• [PROBLEM]
Scan the records below for the line with "آموزش آزمون GRE جی آر ای – ریاضیات" and the line with "Article1 Astrella Fig2 Article1". Repeat those two lines and every line between them exactly, and nothing else.

======== DATASET EXTRACT

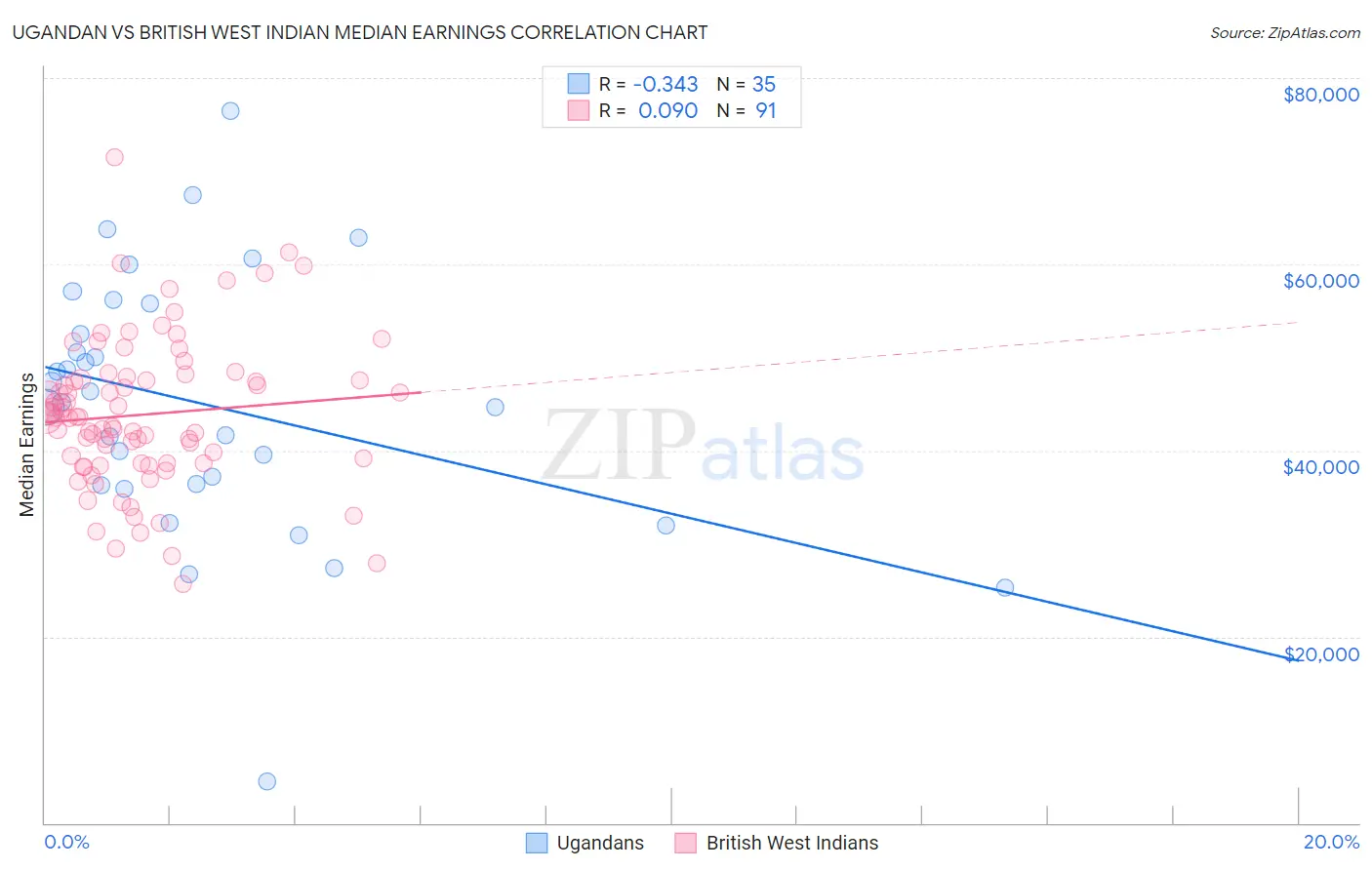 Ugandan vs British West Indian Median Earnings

================
======== DATASET EXTRACT

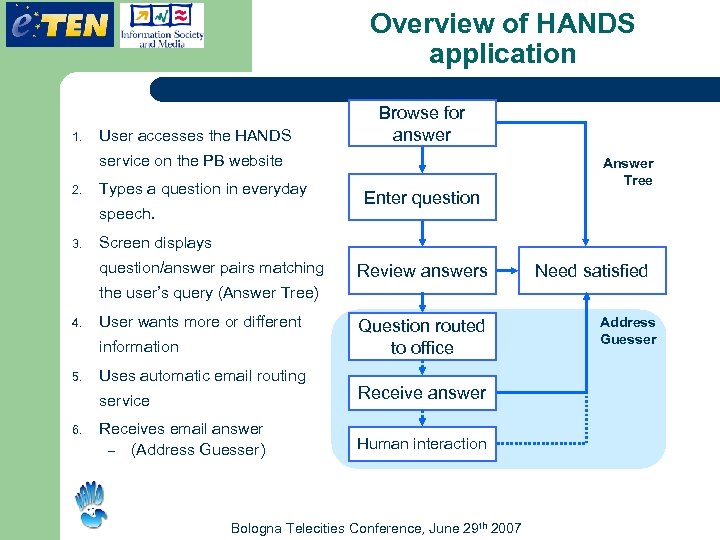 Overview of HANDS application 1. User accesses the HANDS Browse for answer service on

================
======== DATASET EXTRACT

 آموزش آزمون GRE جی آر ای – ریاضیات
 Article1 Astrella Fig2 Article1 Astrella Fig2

================

• [REPLY TO THE TASK]
 آموزش آزمون GRE جی آر ای – ریاضیات
 Article1 Astrella Fig2 Article1 Astrella Fig2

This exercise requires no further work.